The whole query than folds together into something like this:

public Iterable<ArtistEntity> findByName(String name) {
    return this.session
        .loadAll(ArtistEntity.class, new Filter("name", ComparisonOperator.CONTAINING, name), 1);
}

Quite a different, right? Dealing with the driver, the driver's session and Cypher has been abstracted away. Take note that the above session attribute is not a Driver's session, but OGM's session. This is a bit confusing when you start using those things.

Again, this code is part of my example how to interact with Neo4j from a Micronaut application. The complete source of the above is here and the whole application here.

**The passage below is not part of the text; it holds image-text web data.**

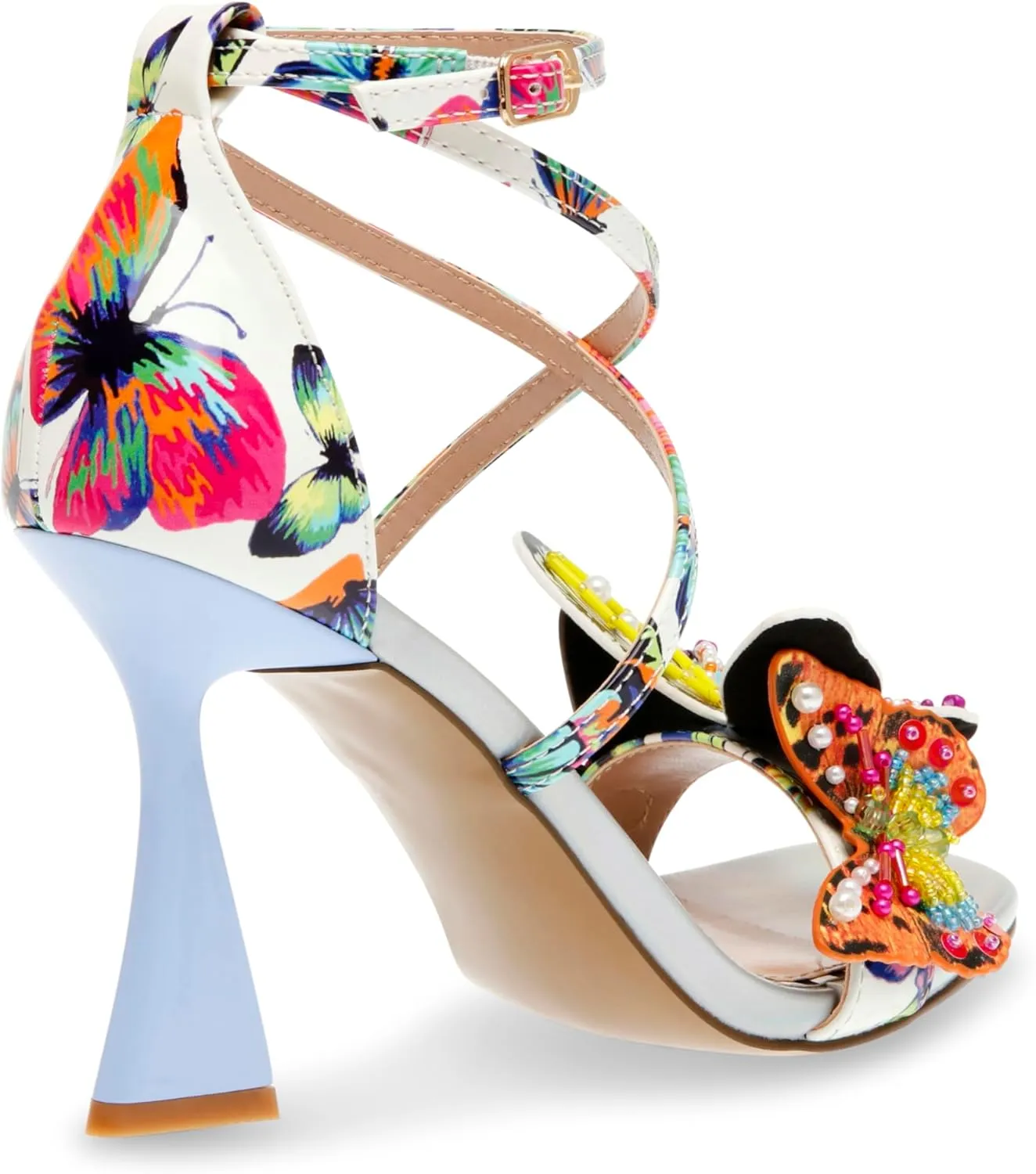 Betsey Johnson Women's Trudie Heeled Sandal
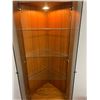 Image 2 : MCM Corner Curio Cabinet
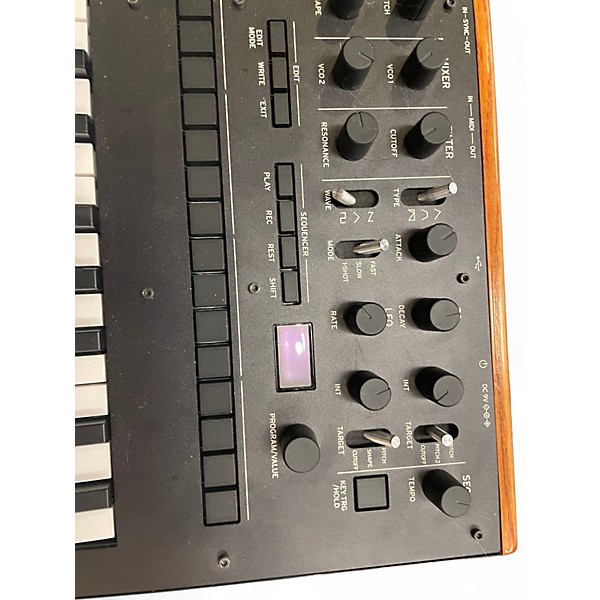 Used KORG Monologue Synthesizer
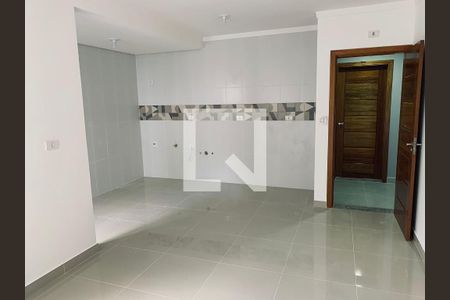 Cozinha de apartamento à venda com 2 quartos, 52m² em Parque da Vila Prudente, São Paulo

To be fair, Neo4j-OGM needs to be configured as well. This is done in it's simplest form with a drivers instance and a list of packages that contains domain entities as described above, for example like this:

public SessionFactory createSessionFactory(Driver driver) {
    return new org.neo4j.ogm.session.SessionFactory(
        new BoltDriver(driver), "ac.simons.music.micronaut.domain");
}

The driver instance in the example above is instantiated by Micronaut. With Micronaut's configuration support, it would have been manually configured as in the very first example.

In a Spring Boot application, Spring Boot takes care of the driver and Spring Data Neo4j creates the OGM session and deals with transactions, among other things:

Spring Data Neo4j

Let's start with quoting Spring Data:

Spring Data’s mission is to provide a familiar and consistent, Spring-based programming model for data access while still retaining the special traits of the underlying data store. It makes it easy to use data access technologies, relational and non-relational databases, map-reduce frameworks, and cloud-based data services.

That goes so far, that Craig Walls is fairly correct when he says, that many stores "are mostly the same from a Spring Data perspective":

It’d be tricky to cover ALL NoSQL options and since they’re mostly the same from a Spring Data perspective, I focused on a couple that I could also cover reactive with.

— Craig Walls (@habuma) October 27, 2018

Spring Data Neo4j has some specialities, but on a superficial level, the above statement is correct.

Spring Data depends on the Spring Framework and given that, it's kinda hard to get it to work in environments other than Spring. If you're however using Spring Framework already, I wouldn't think twice to add Spring Data to the mix, regardless whether I have to deal with a relational database or Neo4j.

Given the entity ArtistEntity above, one can just declare a repository as this:

interface ArtistRepository extends Neo4jRepository<ArtistEntity, Long> {
    List<ArtistEntity> findByNameContaining(String name);
}

There is no need to add an implementation for that interface, this is done by Spring Data. Spring Data also wires up a Neo4j-OGM session that is aware of Spring transactions.

From an application developers point you don't have to deal with mapping, opening and closing sessions and transactions any longer, but only with one single "repository" as abstraction over a set of given entities.

Please be aware that the idea behind Spring Data and its repository concept is not having a repository for each entity there is, but only for the root aggregates. To quote Jens Schauder: "Repositories persist and load aggregates. An aggregate is a cluster of objects that form a unit, which should always be consistent. Also, it should always get persisted (and loaded) together. It has a single object, called the aggregate root, which is the only thing allowed to touch or reference the internals of the aggregate." (see Spring Data JDBC, References, and Aggregates).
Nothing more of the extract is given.